▸ What you are asked to do: Could you repeat the whole listing below exactly as it stands?

▸ Dataset records:
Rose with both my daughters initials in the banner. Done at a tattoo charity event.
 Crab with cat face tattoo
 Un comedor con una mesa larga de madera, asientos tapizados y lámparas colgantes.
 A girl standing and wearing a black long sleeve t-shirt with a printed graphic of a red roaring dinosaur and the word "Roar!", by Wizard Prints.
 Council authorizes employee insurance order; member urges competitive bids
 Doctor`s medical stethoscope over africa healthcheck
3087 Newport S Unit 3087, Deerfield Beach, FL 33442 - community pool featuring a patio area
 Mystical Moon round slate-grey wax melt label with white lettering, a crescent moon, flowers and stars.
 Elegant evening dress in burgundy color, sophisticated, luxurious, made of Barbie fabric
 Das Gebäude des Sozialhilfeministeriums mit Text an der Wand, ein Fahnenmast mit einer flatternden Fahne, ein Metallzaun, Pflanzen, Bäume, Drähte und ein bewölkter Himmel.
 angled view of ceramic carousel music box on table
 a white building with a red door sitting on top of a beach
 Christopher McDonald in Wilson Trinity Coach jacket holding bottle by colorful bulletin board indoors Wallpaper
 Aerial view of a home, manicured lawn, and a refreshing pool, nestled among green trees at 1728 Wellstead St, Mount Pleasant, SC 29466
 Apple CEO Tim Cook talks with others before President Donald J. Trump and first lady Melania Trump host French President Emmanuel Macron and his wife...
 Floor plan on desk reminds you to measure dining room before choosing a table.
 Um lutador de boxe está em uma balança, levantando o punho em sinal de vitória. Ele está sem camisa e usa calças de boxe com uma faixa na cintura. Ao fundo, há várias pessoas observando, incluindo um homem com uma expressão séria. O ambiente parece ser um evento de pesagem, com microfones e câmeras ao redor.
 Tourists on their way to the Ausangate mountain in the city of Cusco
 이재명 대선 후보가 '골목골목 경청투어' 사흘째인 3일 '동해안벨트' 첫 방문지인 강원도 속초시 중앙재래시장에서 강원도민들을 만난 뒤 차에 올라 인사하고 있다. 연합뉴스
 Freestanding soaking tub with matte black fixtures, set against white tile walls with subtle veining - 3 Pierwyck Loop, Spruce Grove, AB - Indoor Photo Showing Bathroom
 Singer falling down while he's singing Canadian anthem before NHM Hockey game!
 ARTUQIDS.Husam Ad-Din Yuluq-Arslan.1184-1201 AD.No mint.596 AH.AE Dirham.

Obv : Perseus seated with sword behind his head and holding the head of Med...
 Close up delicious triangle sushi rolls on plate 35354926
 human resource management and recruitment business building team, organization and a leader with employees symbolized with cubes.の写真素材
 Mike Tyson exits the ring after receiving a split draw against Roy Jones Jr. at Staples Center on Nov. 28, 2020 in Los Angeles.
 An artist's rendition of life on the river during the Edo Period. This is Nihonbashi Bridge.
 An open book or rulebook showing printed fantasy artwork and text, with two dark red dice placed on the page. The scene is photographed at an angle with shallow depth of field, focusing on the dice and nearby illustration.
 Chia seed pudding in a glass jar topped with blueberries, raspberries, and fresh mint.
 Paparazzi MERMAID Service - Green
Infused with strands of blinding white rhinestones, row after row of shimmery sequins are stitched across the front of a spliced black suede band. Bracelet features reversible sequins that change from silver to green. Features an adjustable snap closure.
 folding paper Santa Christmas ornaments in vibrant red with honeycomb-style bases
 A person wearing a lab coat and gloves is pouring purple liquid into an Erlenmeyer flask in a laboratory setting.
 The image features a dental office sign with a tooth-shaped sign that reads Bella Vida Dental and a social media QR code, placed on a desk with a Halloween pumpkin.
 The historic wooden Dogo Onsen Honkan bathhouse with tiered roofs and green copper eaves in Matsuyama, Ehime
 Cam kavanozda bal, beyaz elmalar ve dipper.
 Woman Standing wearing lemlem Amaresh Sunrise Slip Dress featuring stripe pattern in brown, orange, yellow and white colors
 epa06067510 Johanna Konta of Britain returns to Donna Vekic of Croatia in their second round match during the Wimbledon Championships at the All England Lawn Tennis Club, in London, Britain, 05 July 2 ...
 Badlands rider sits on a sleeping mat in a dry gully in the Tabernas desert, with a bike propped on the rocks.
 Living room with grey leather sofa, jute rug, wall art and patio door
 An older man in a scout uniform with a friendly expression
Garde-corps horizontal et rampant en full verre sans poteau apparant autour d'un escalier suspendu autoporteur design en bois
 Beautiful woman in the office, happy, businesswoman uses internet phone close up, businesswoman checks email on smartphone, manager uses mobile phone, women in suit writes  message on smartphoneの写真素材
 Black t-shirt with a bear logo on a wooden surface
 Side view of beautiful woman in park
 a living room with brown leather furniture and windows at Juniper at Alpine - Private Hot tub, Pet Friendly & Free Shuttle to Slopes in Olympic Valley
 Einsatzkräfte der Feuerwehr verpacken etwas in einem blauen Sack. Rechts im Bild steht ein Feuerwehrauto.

▸ Your solution:
Rose with both my daughters initials in the banner. Done at a tattoo charity event.
 Crab with cat face tattoo
 Un comedor con una mesa larga de madera, asientos tapizados y lámparas colgantes.
 A girl standing and wearing a black long sleeve t-shirt with a printed graphic of a red roaring dinosaur and the word "Roar!", by Wizard Prints.
 Council authorizes employee insurance order; member urges competitive bids
 Doctor`s medical stethoscope over africa healthcheck
3087 Newport S Unit 3087, Deerfield Beach, FL 33442 - community pool featuring a patio area
 Mystical Moon round slate-grey wax melt label with white lettering, a crescent moon, flowers and stars.
 Elegant evening dress in burgundy color, sophisticated, luxurious, made of Barbie fabric
 Das Gebäude des Sozialhilfeministeriums mit Text an der Wand, ein Fahnenmast mit einer flatternden Fahne, ein Metallzaun, Pflanzen, Bäume, Drähte und ein bewölkter Himmel.
 angled view of ceramic carousel music box on table
 a white building with a red door sitting on top of a beach
 Christopher McDonald in Wilson Trinity Coach jacket holding bottle by colorful bulletin board indoors Wallpaper
 Aerial view of a home, manicured lawn, and a refreshing pool, nestled among green trees at 1728 Wellstead St, Mount Pleasant, SC 29466
 Apple CEO Tim Cook talks with others before President Donald J. Trump and first lady Melania Trump host French President Emmanuel Macron and his wife...
 Floor plan on desk reminds you to measure dining room before choosing a table.
 Um lutador de boxe está em uma balança, levantando o punho em sinal de vitória. Ele está sem camisa e usa calças de boxe com uma faixa na cintura. Ao fundo, há várias pessoas observando, incluindo um homem com uma expressão séria. O ambiente parece ser um evento de pesagem, com microfones e câmeras ao redor.
 Tourists on their way to the Ausangate mountain in the city of Cusco
 이재명 대선 후보가 '골목골목 경청투어' 사흘째인 3일 '동해안벨트' 첫 방문지인 강원도 속초시 중앙재래시장에서 강원도민들을 만난 뒤 차에 올라 인사하고 있다. 연합뉴스
 Freestanding soaking tub with matte black fixtures, set against white tile walls with subtle veining - 3 Pierwyck Loop, Spruce Grove, AB - Indoor Photo Showing Bathroom
 Singer falling down while he's singing Canadian anthem before NHM Hockey game!
 ARTUQIDS.Husam Ad-Din Yuluq-Arslan.1184-1201 AD.No mint.596 AH.AE Dirham.

Obv : Perseus seated with sword behind his head and holding the head of Med...
 Close up delicious triangle sushi rolls on plate 35354926
 human resource management and recruitment business building team, organization and a leader with employees symbolized with cubes.の写真素材
 Mike Tyson exits the ring after receiving a split draw against Roy Jones Jr. at Staples Center on Nov. 28, 2020 in Los Angeles.
 An artist's rendition of life on the river during the Edo Period. This is Nihonbashi Bridge.
 An open book or rulebook showing printed fantasy artwork and text, with two dark red dice placed on the page. The scene is photographed at an angle with shallow depth of field, focusing on the dice and nearby illustration.
 Chia seed pudding in a glass jar topped with blueberries, raspberries, and fresh mint.
 Paparazzi MERMAID Service - Green
Infused with strands of blinding white rhinestones, row after row of shimmery sequins are stitched across the front of a spliced black suede band. Bracelet features reversible sequins that change from silver to green. Features an adjustable snap closure.
 folding paper Santa Christmas ornaments in vibrant red with honeycomb-style bases
 A person wearing a lab coat and gloves is pouring purple liquid into an Erlenmeyer flask in a laboratory setting.
 The image features a dental office sign with a tooth-shaped sign that reads Bella Vida Dental and a social media QR code, placed on a desk with a Halloween pumpkin.
 The historic wooden Dogo Onsen Honkan bathhouse with tiered roofs and green copper eaves in Matsuyama, Ehime
 Cam kavanozda bal, beyaz elmalar ve dipper.
 Woman Standing wearing lemlem Amaresh Sunrise Slip Dress featuring stripe pattern in brown, orange, yellow and white colors
 epa06067510 Johanna Konta of Britain returns to Donna Vekic of Croatia in their second round match during the Wimbledon Championships at the All England Lawn Tennis Club, in London, Britain, 05 July 2 ...
 Badlands rider sits on a sleeping mat in a dry gully in the Tabernas desert, with a bike propped on the rocks.
 Living room with grey leather sofa, jute rug, wall art and patio door
 An older man in a scout uniform with a friendly expression
Garde-corps horizontal et rampant en full verre sans poteau apparant autour d'un escalier suspendu autoporteur design en bois
 Beautiful woman in the office, happy, businesswoman uses internet phone close up, businesswoman checks email on smartphone, manager uses mobile phone, women in suit writes  message on smartphoneの写真素材
 Black t-shirt with a bear logo on a wooden surface
 Side view of beautiful woman in park
 a living room with brown leather furniture and windows at Juniper at Alpine - Private Hot tub, Pet Friendly & Free Shuttle to Slopes in Olympic Valley
 Einsatzkräfte der Feuerwehr verpacken etwas in einem blauen Sack. Rechts im Bild steht ein Feuerwehrauto.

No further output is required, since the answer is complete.